Proven process methods:

    • Initial Meeting to Determine Objectives: Preliminary, no obligation meeting, where general information is exchanged for us to become acquainted with each other. Options to decide include sell and retire, sell and remain with the company, take on a partner, transfer ownership to family members or seek capital infusion to continue to grow the company.
    • Examining Financial statements for company Valuation: Establishing a fair market price helps you to understand the highest price, a fully informed buyer is willing to pay for your Company, and lets you avoid the risk of losing a timely sale by overpricing your Company, or leaving money on the table by undervaluing your business.
    • Engagement Letter: A contractual agreement is entered into between you and Align Corporate Advisors giving (ACA) the exclusive right to market the Company as your representative for a specified time period and under specified terms and conditions.
    • Preparation of a Confidential Information Memorandum (CIM): The basis for this information is to prepare a detailed CIM, which is a document that educates Acquirers about the operation, facility, marketing, financial status, and future opportunities of the business.
    • Identifying and Screening Buyers: Our Business Team works with each potential buyer by first having them sign a Confidentially/Non-Disclosure Agreement. We determine if they are financially qualified to purchase the business, have the skills or background to grow the business to the next level or, determine if they are a Strategic Buyer looking to expand their current portfolio.
    • Site Visit or meeting to discuss Business Operations: A first visit might be in our office or on site, if the operation permits. This provides the potential buyer with an opportunity to visit your facility, maybe even more than one time. It is also a time to help Buyer and Seller develop a favorable rapport.
    • Purchase Offers and Negotiations: Working with your professional legal and tax advisors, we help to maximize the value of your sale.
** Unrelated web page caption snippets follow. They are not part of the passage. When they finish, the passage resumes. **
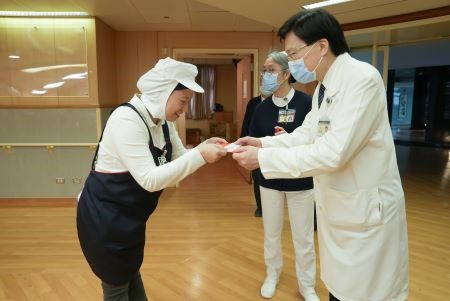 春節醫療不停歇　送到崗位上的祝福 20260216 8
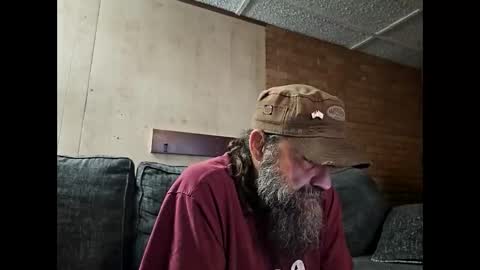 Snapshot of raybob252000 chatting on October 16, 7:52 am raybob252000 online show from October 16, 7:52 am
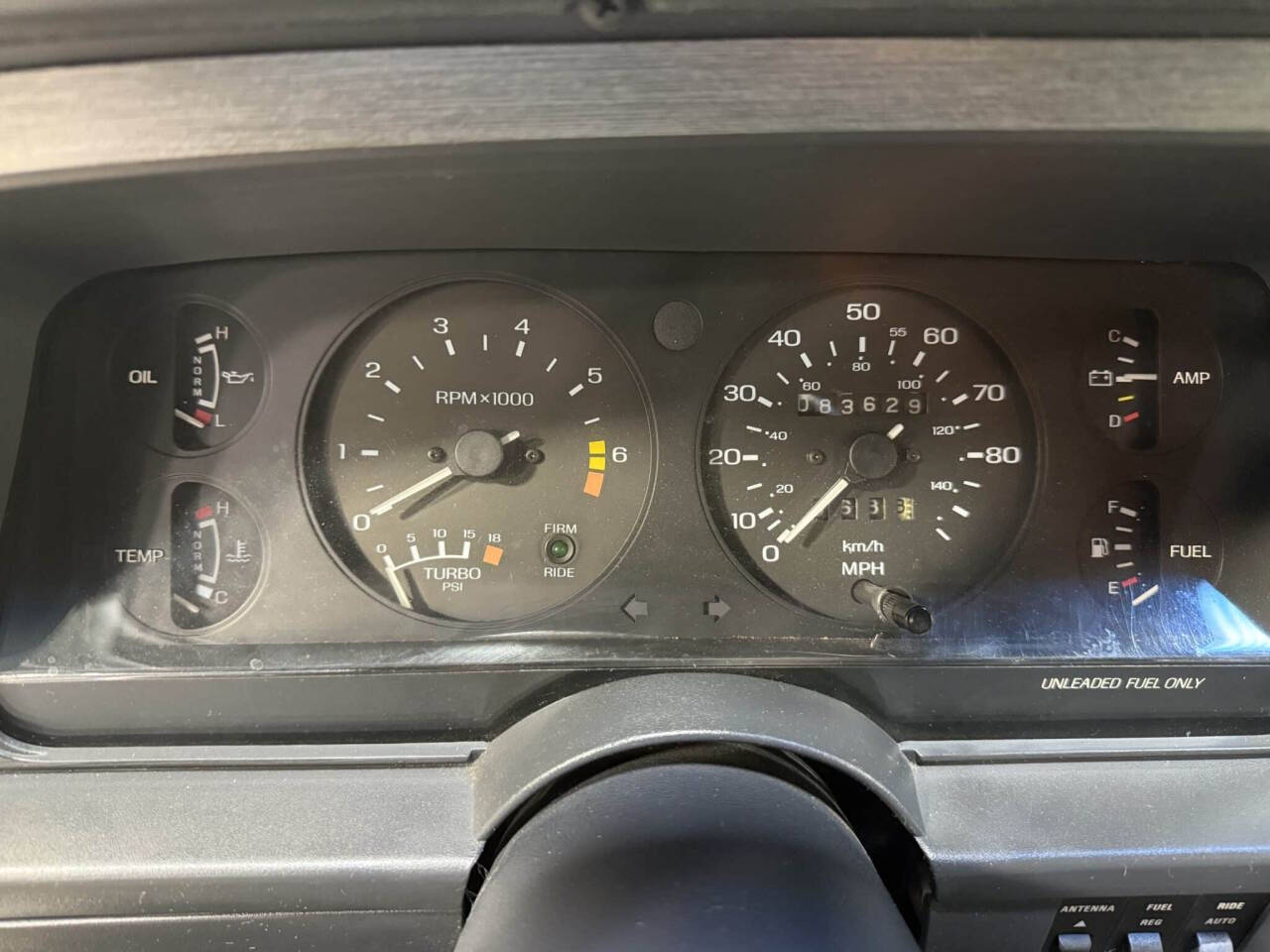 1988 Ford Thunderbird 25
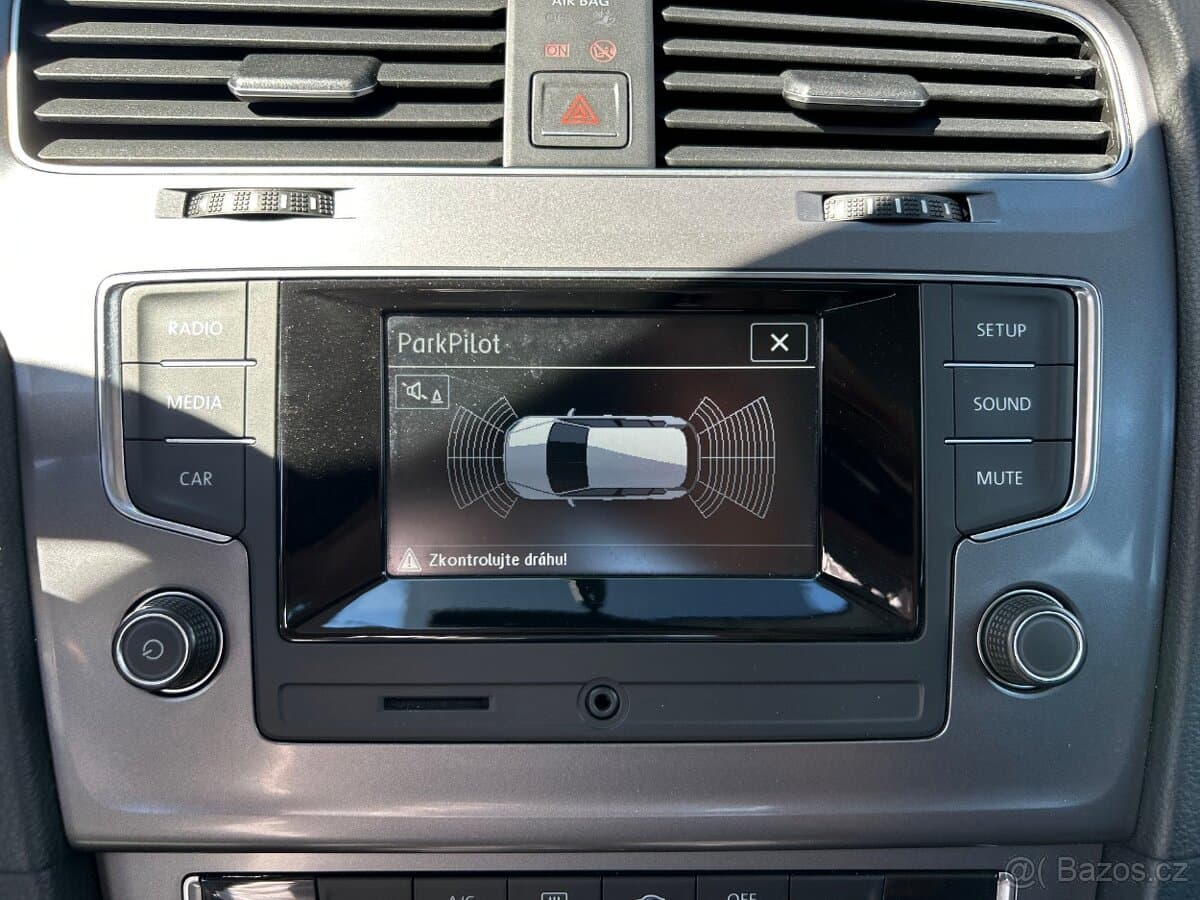 2013 Volkswagen GOLF - 12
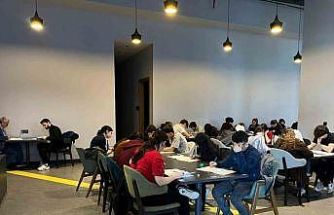 Üniversite hayaline Yıldırım desteği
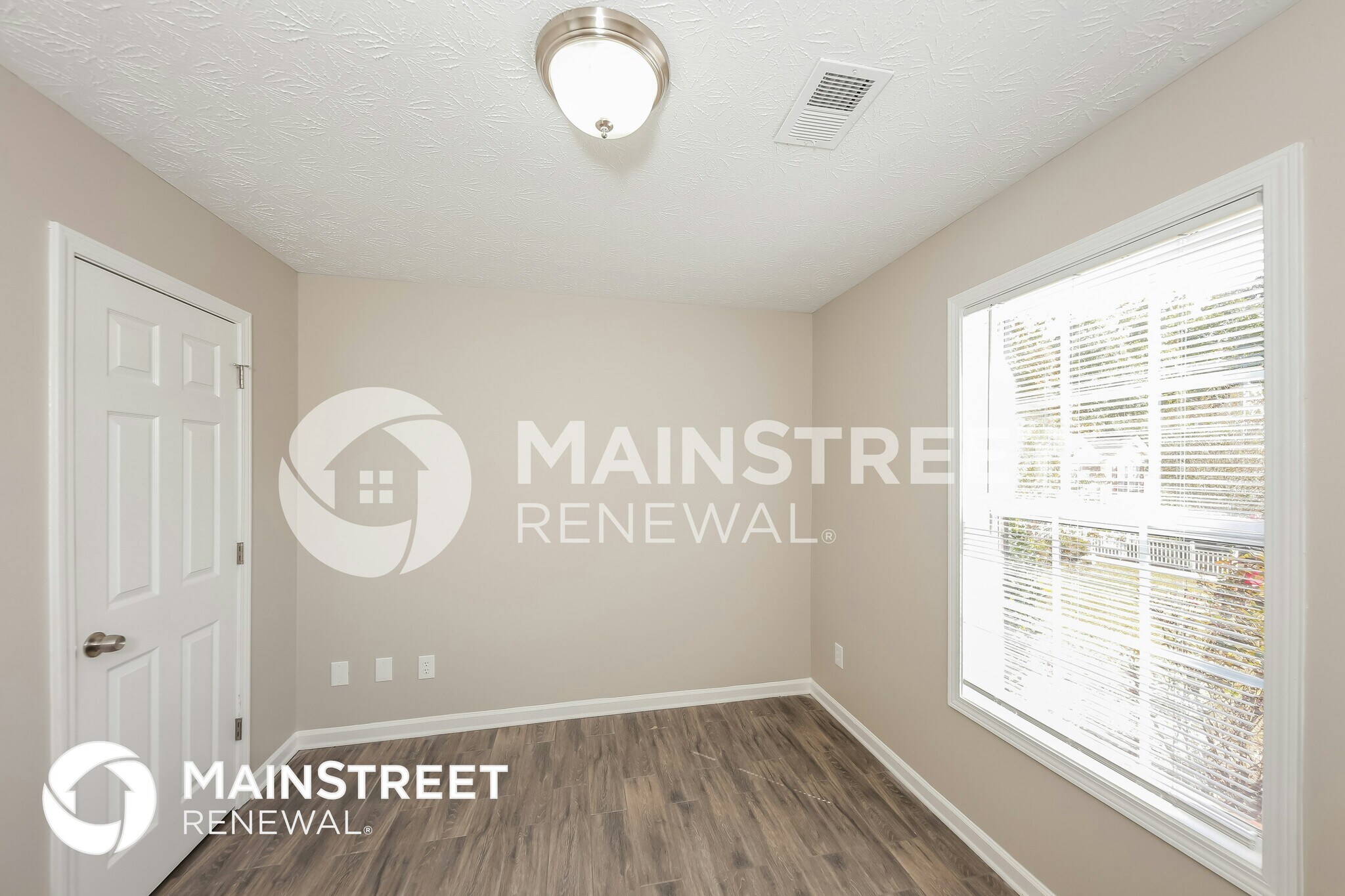 Building Photo - 706 Squirrels Nest Ct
Written offers to purchase are generally in either a Letter of Intent or a formal Definitive Agreement which outlines the purchase price, terms, conditions and any contingencies.
    • Due Diligence: This contingency allows the Buyer and his/her professional advisors verify the accuracy of the seller’s financial and operational representations.
    • Closing: We coordinate with your Advisors to oversee the preparation of closing documents. A formal closing, usually virtual, takes place where legal documents are signed, funds are received and ownership is transferred, at which point you have realized your goal.
    • Transition Period: This typically involves a period of cooperation in which you will assist the acquirer in helping to bring about a smooth transition.